It seems that one of the trendiest things to do in the Iranian community nowadays, (other than avoiding any sort of action at all costs) is the perennial community Survey. Recently the Public Affairs Alliance of Iranian Americans (PAAIA [1]) in Washington, DC, the latest organization with the usual need to serve, announced the results of yet another survey [2], this time a Zogby phone survey! This implied secret-sauce of information and revelation of who we are, that will somehow explain our superiority, and cure all our ills, inspires and invites and begs deserved criticism.
Just ask me how I know!
If you know me as a writer for this site, you might know that by day, I am a marketing consultant with my own "sweet little company" that helps customers (some even Iranian!), understand the market they intend to serve, and helps them to properly position and target their products, message and interest at the right/best segment of that market. So they can sell more stuff.
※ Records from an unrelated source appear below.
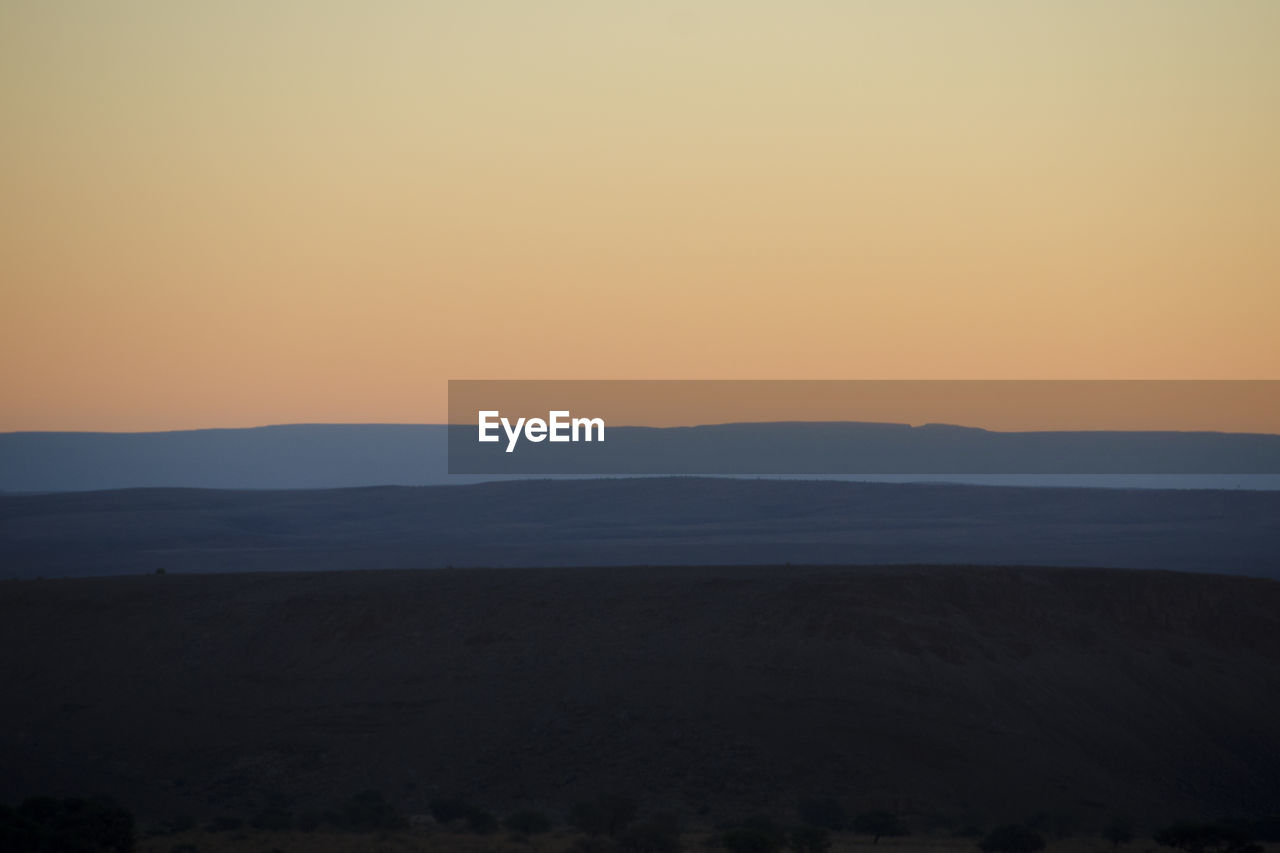 Scenic view of silhouette landscape against sky during sunset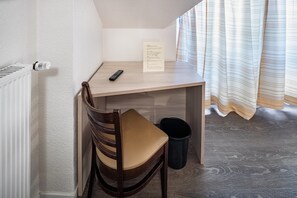 Een kleine, verzorgde kamer met een houten bureau, een stoel, een zwarte prullenbak en een radiator.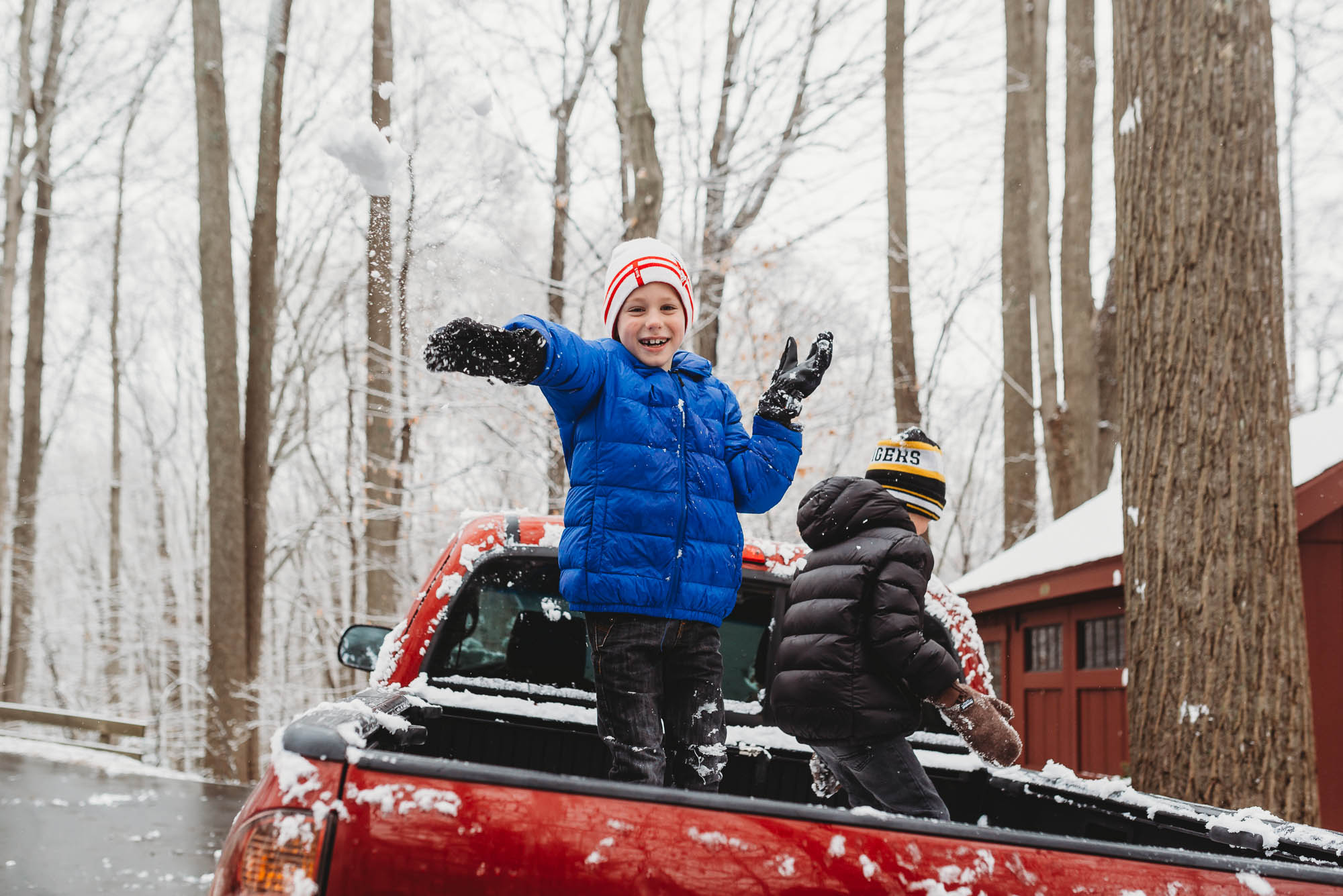 kids throwing snow - documentary family photography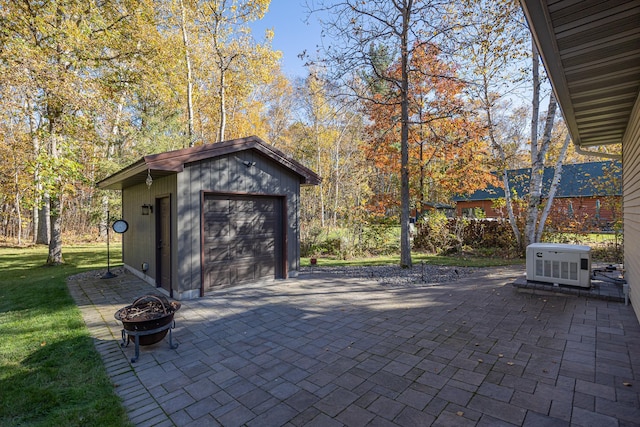 view of patio featuring a garage, an outbuilding, and an outdoor fire pit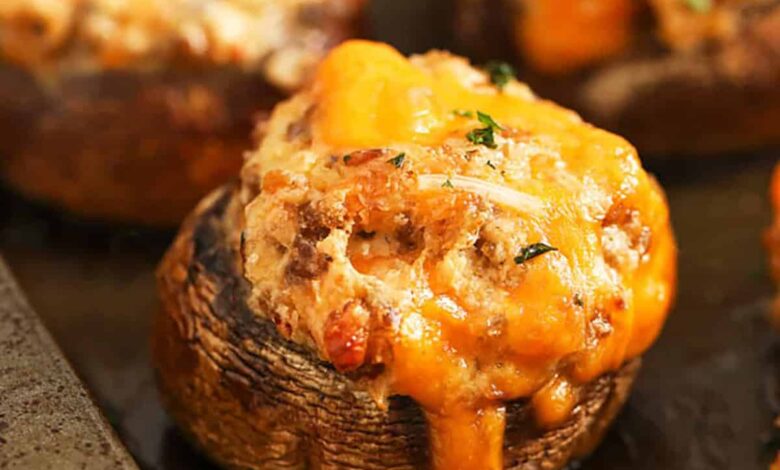 close up of Sausage Stuffed Mushrooms on a sheet pan
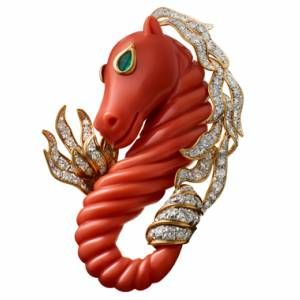 Seahorse brooch of coral, diamonds, emeralds, platinum and gold, by David Webb, ...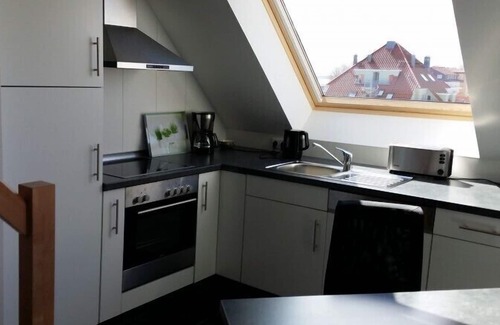 Grossenbrode Apartment | Apartment with gallery, whirlpool and fireplace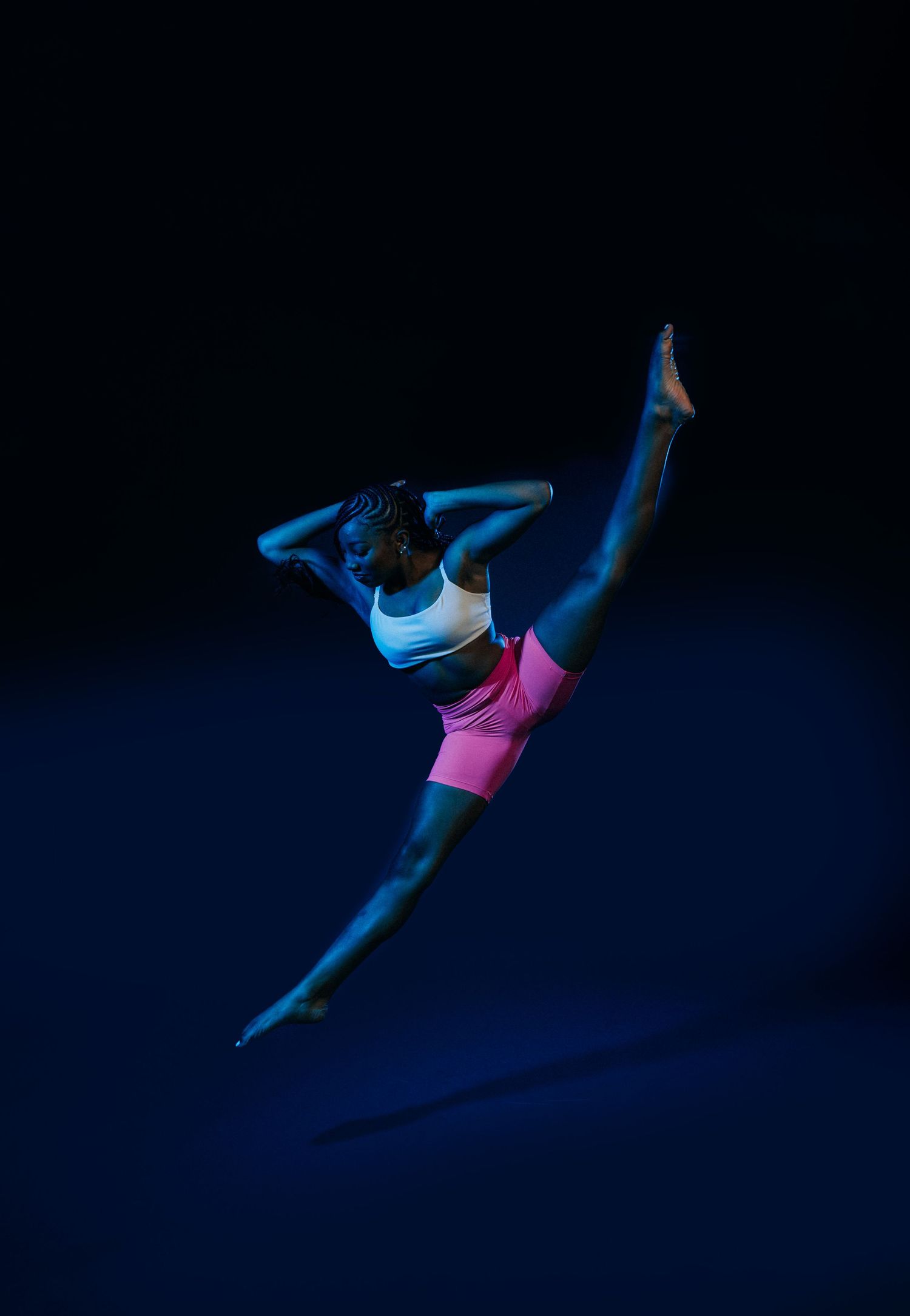 Graceful dancer leaps through air in athletic pose against dark background with blue lighting effect.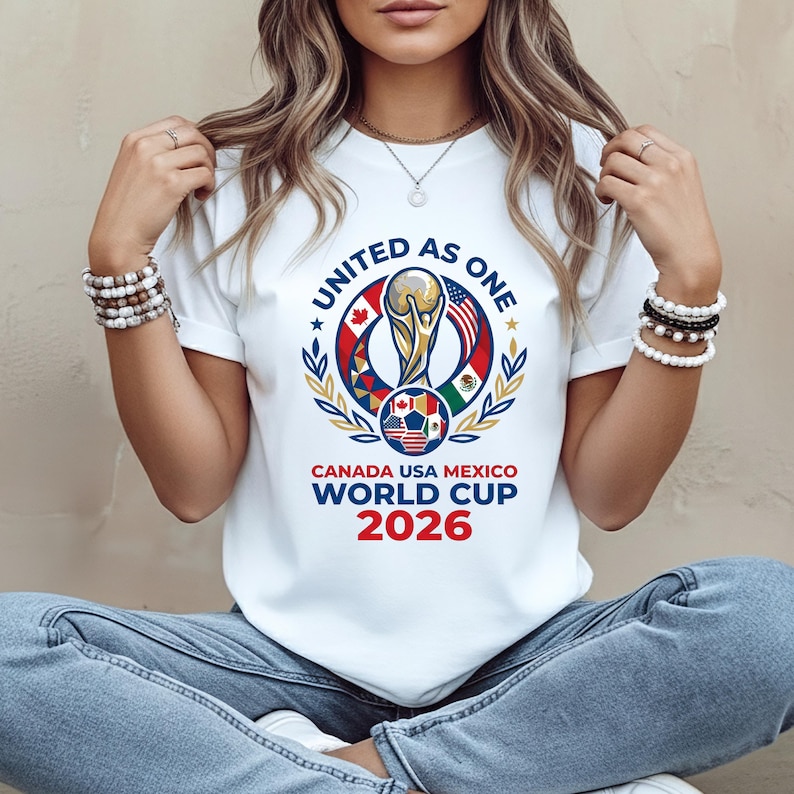 May include: White t-shirt featuring a colorful graphic for the 2026 World Cup, with the text "UNITED AS ONE" and "CANADA USA MEXICO WORLD CUP 2026". The design includes a trophy, a soccer ball, and flags.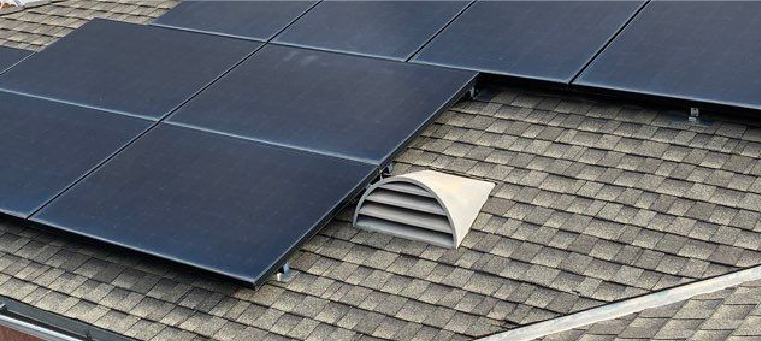 Nine solar panels on shingle roof with attic vent.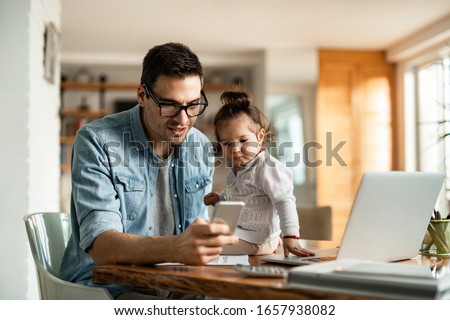 Young working father text messaging on mobile phone while being with his small daughter at home.  Royalty-Free Stock Photo #1657938082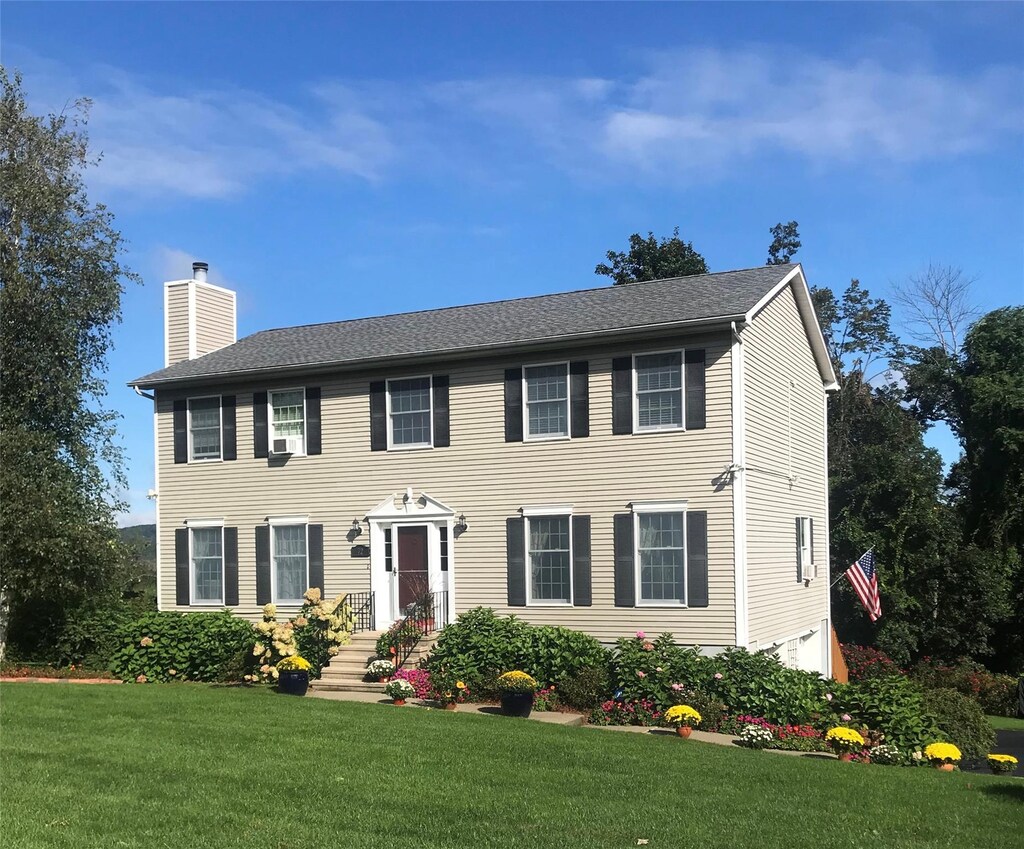 colonial house featuring a front yard, roof with shingles, and a chimney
Surveys can help sell. Especially when you don't know anything for certain, about a target group.
In 2004, after having worked as a volunteer with several local community groups in the San Francisco Bay Area (Society of Iranian Professionals, Iran heritage, Persian Center, BAIVoter, etc.), it became all too clear to me that the Iranian community had an identity credibility problem. We all knew who we were, we just didn't have any way to prove it. I kept running into this problem over and over again with my American friends, and often I felt like I was standing in a party saying how good Iranians were, and often, the sheer claim of outright superiority when it came to income, and education levels and other Iranian accomplishments, was rightly perceived as highly dubious, and a bit arrogant and show-offish. The assumption that a group that was seemingly this accomplished could come from a country with so many problems, was the primary source of the skepticism.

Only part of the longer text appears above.